Summary: “Mercy triumphs over judgment” is one of the most important declarations in all of scripture-- both for our own salvation, and in how we reflect God’s love for a fallen world.
Mercy Triumphs Over Judgment
(Read Mark 1:40-45)
Spiros Zodhiates was a Greek scholar and Christian leader who told of once preaching on the love of God to a leprosy colony in India. Their members were so moved by his message that they came forward to embrace him afterwards. He said that was a moment of truth for him, whether to receive their hugs or to protect himself. He chose to receive their embrace and trust that God would honor his decision, whatever its consequences. I heard him speak soon after that experience, while he was still waiting to see whether he had been infected. Thankfully, he escaped that fate. But I’ve always remembered the great risk he took for the sake of love.
“Filled with compassion,” Jesus reached out his hand and touched the man. “I am willing” to heal you, he said. Leprosy was, of course, one of the most dreaded diseases of that time, and still is today, for that matter, in places like India, which has 60% of the world’s new cases. Hear what the Law in Leviticus commanded of lepers in Israel: “The person with such an infectious disease must wear torn clothes, let his hair be unkempt, cover the lower part of his face, and cry out, ‘Unclean! Unclean!’ As long as he has the infection, he remains unclean. He must live alone; he must live outside the camp” (Leviticus 13:45-46). It would be hard to imagine living a more stigmatized life.
Think about it: torn clothes and ungroomed hair (to convey their sickly status), a cloth over the nose and mouth, always warning others by announcing their unclean condition, and banished from any family or normal social connections. And that’s even aside from all the gruesome deformities and horrific disability that come with leprosy by the wasting of extremities (hands, feet, nose and ears), as well as skin ulcers, nerve damage and muscle weakness. And if all of that wasn’t enough, in much of the conventional thinking at the time, leprosy was also considered God’s judgment for that person’s sins, adding yet another terrible layer of shame and misery.
“Jesus, filled with compassion, reached out his hand and touched the man.” Notice that he didn’t keep a safe distance when he healed him. We’re told by Luke that the man was on his knees “with his face to the ground,” (his forehead touching the ground)—meaning that Jesus would easily have been able to avoid touching him, but “he reached out his hand and touched him,” something he would have had to bend over to do.
That’s a key detail we shouldn’t overlook. To touch a leper brought contamination under the Law of Moses. This was never done. Jesus himself would now be considered unclean and was also exposing himself to contracting leprosy. But his compassion prevailed over everything else: over the Law, over his personal safety, and over any social judgments. And so many of Jesus’ healings were done that way, through personal touch: using spit and mud to heal a blind man, putting his fingers into the ears and spitting on the tongue of a deaf and mute man, and taking Jairus’ daughter by the hand to raise her from the dead. He valued the importance of touch. He wasn’t aloof or removed from common humanity like many of the religious elite in Israel, but his ministry was one of very real contact and closeness with those he healed. His love and compassion drew him close to those in need.

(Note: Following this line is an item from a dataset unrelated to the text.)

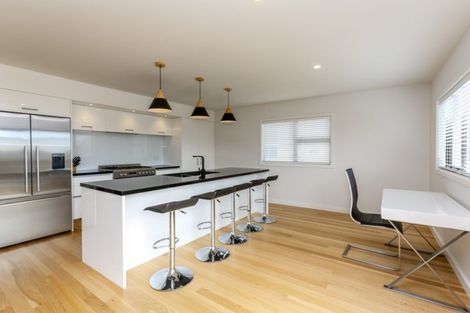 Photo of property in 116 Vivian Street, New Plymouth, 4310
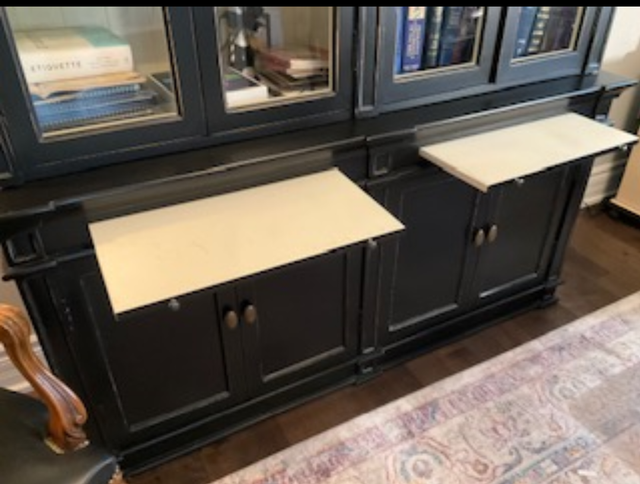 LARGE, SOLID WOOD DEBOERS BOOKCASE in Bookcases & Shelving Units in Oakville / Halton Region - Image 5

Did you ever stop to think about what kind of reputation Jesus would have had, associating with prostitutes and the greedy, traitorous tax collectors, and no doubt others from the dregs of society who were all attracted to his compassionate, wide-open embrace of mercy? He loved them, first and foremost, by going to them “to seek and to save the lost,” and by receiving them whenever they came to him--even eating with “sinners” and touching lepers, knowing it would provoke a powerful, judgmental reaction. And it certainly did, as we see throughout the Gospels by the reaction of the scribes and Pharisees.
Human nature being what it is, it isn’t hard to imagine the kind of gossip there would have been about how Jesus seemed to prefer the company of fallen women and all sorts of other unsavory characters. How could he be the Messiah, “a glutton and a drunk, a friend of tax collectors and sinners!” (Mt. 11:19). And who were his worst critics? The self-righteous religious leaders, who cared more about their respectability than loving those who need love the most.
A woman tells of an awakening in her life that humbled her to see the outcasts of the world through the eyes of Christ’s compassion:
We were the only family with children in the restaurant. I sat Erik in a high chair and noticed everyone was quietly eating and talking. Suddenly, Erik squealed with glee and said, “Hi there!” He pounded his fat baby hands on the high chair tray. His eyes were crinkled in laughter and his mouth was bared in a toothless grin, as he wriggled with excitement.